- **Information**
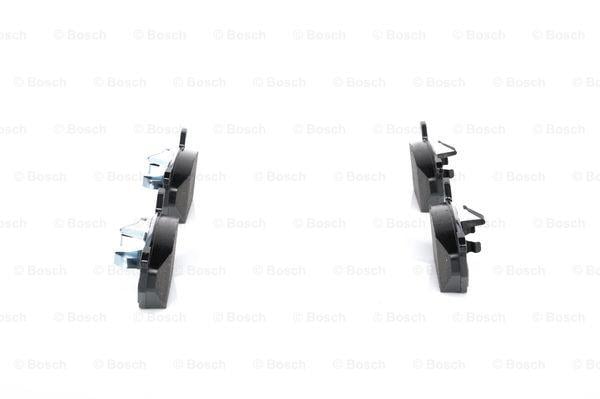 Bosch Гальмівні колодки, комплект – ціна 1281 UAH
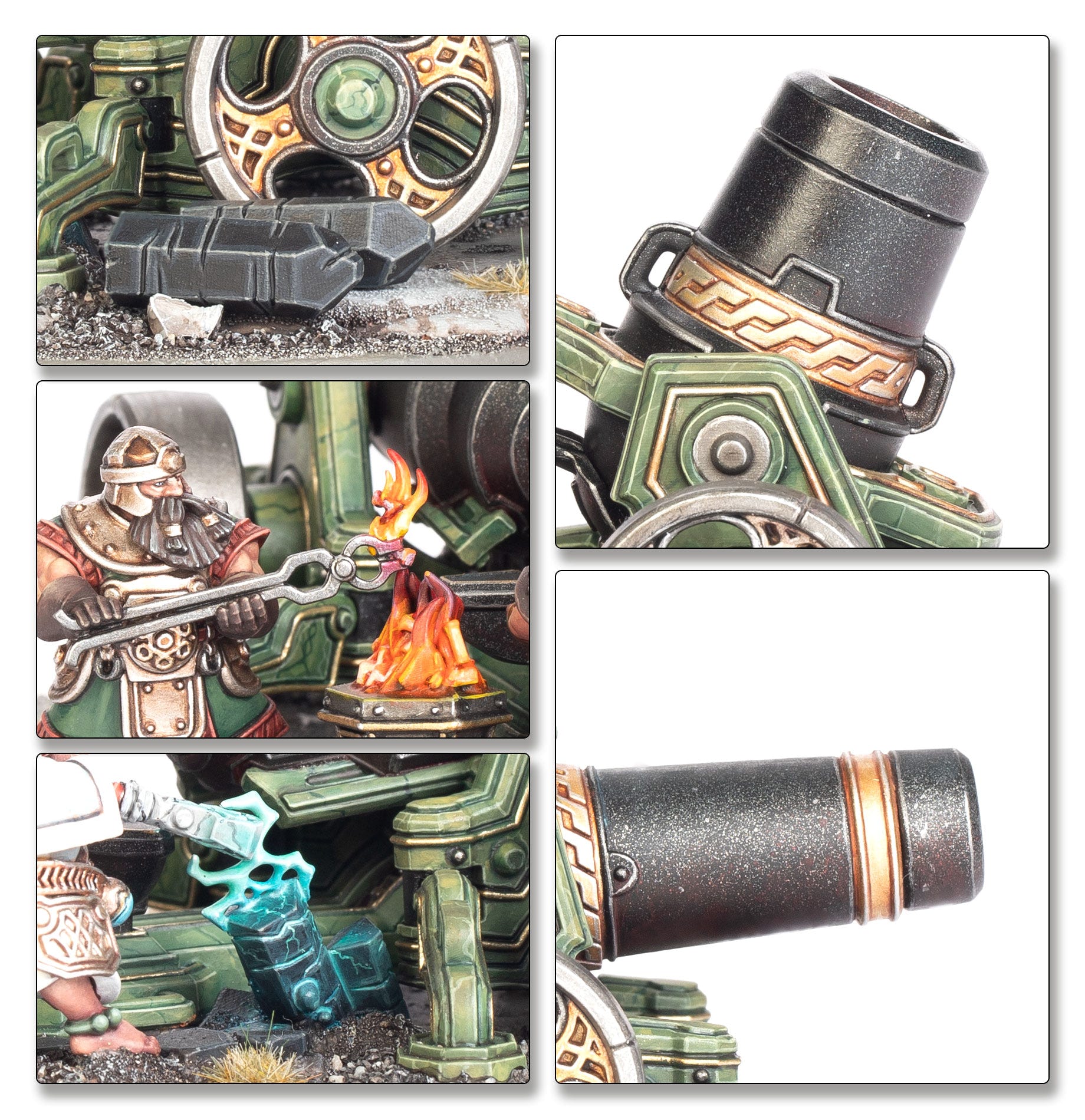 Khazalite Holds: Army Set – view 12 of 18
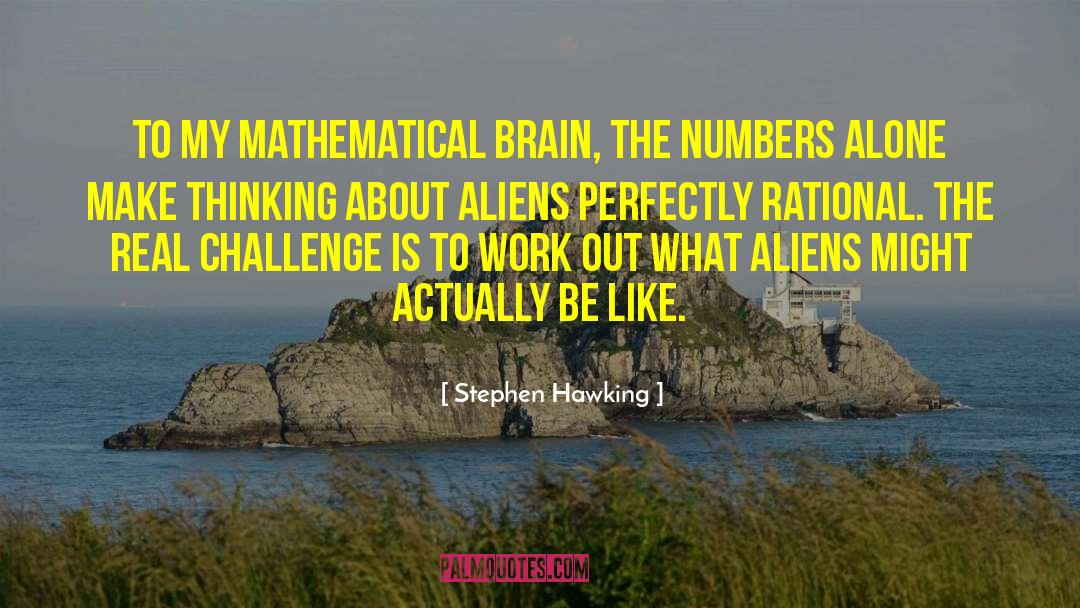 Brain Software quotes by Stephen Hawking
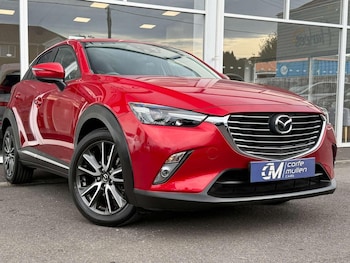 2016 - 2.0 SKYACTIV-G Sport Nav Euro 6 (s/s) 5dr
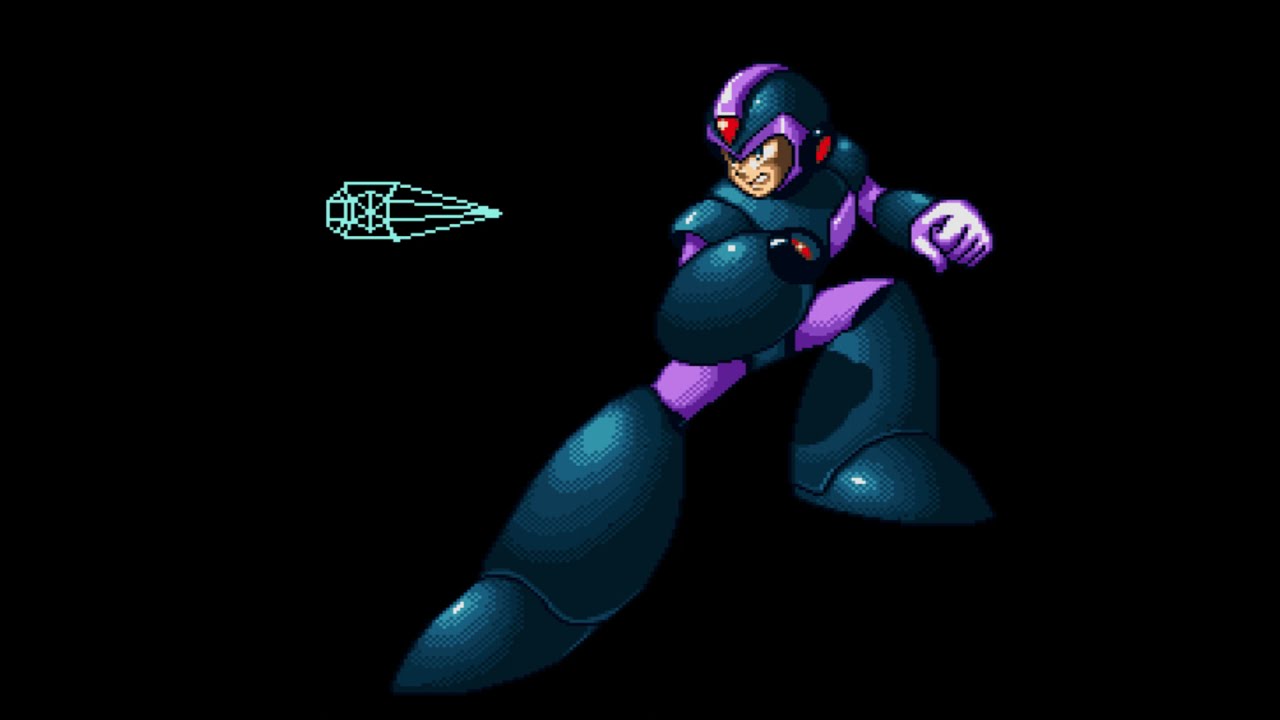 Mega Man X3 - Blizzard Buffalo - YouTube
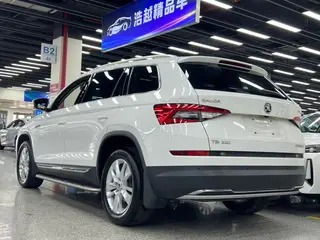 Skoda Kodiaq 2017 TSI330 5 Seat Two-Drive Deluxe Edition interior photo 12 Skoda Kodiaq 2017 TSI330 5 Seat Two-Drive Deluxe Edition interior photo 12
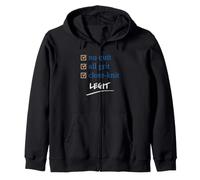 Non, arrête, Tout Le Cran... LÉGITIME. New York Pro Basketball Sweat à Capuche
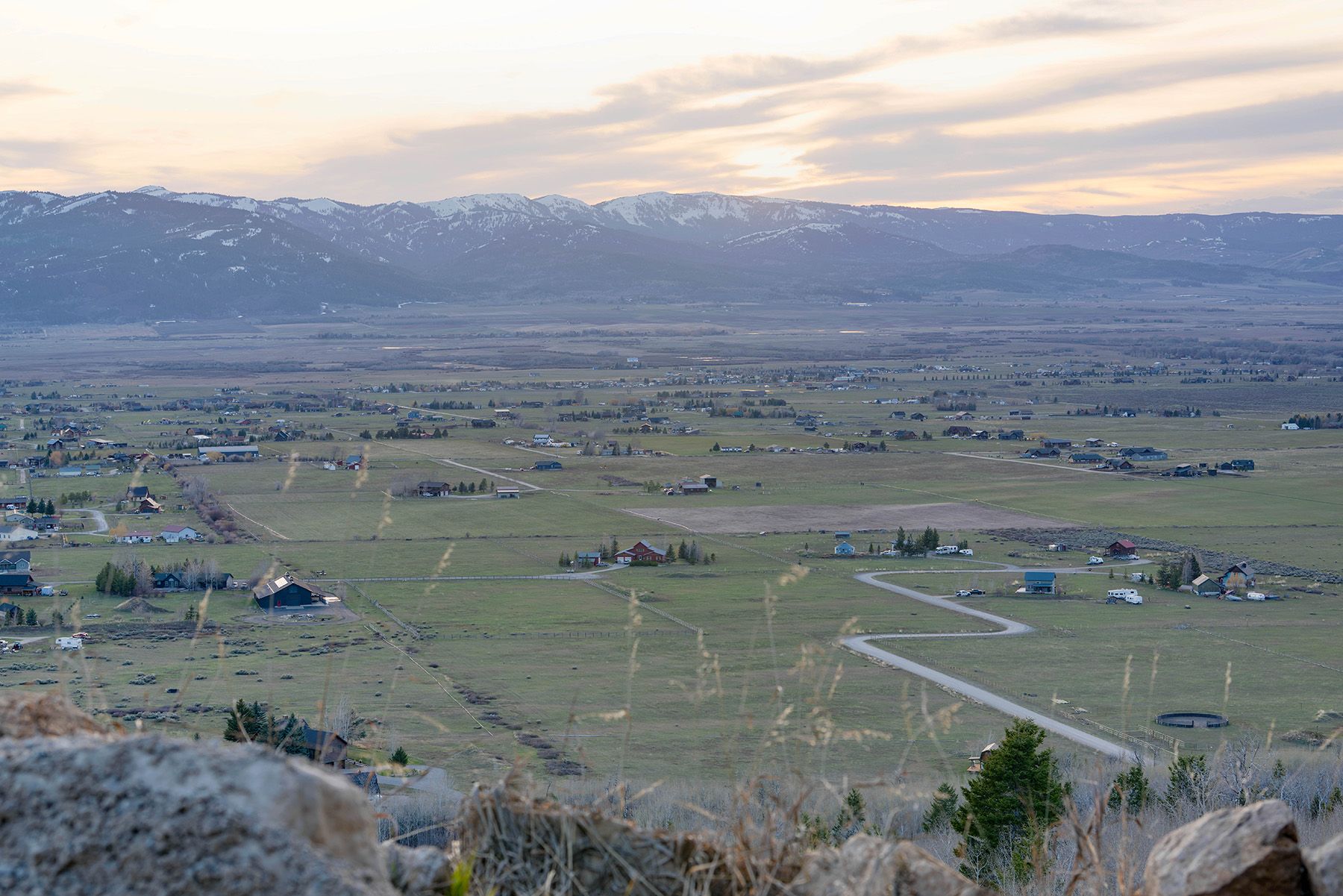  Elevated Lot in Shooting Star Ranch - 物件實景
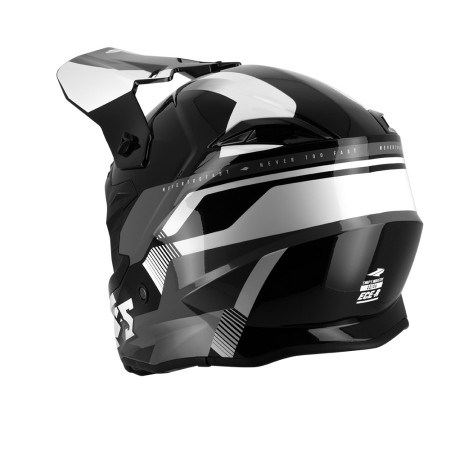 Casque Cross 2FASTER Casque Cross 2FASTER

- **What you have to do**
Every line of the listing is to be repeated exactly, and the pictures are to be dropped.

- **Reply to the task**
 Bosch Гальмівні колодки, комплект – ціна 1281 UAH
 Khazalite Holds: Army Set – view 12 of 18
 Brain Software quotes by Stephen Hawking
 2016 - 2.0 SKYACTIV-G Sport Nav Euro 6 (s/s) 5dr
 Mega Man X3 - Blizzard Buffalo - YouTube
 Skoda Kodiaq 2017 TSI330 5 Seat Two-Drive Deluxe Edition interior photo 12 Skoda Kodiaq 2017 TSI330 5 Seat Two-Drive Deluxe Edition interior photo 12
 Non, arrête, Tout Le Cran... LÉGITIME. New York Pro Basketball Sweat à Capuche
  Elevated Lot in Shooting Star Ranch - 物件實景
 Casque Cross 2FASTER Casque Cross 2FASTER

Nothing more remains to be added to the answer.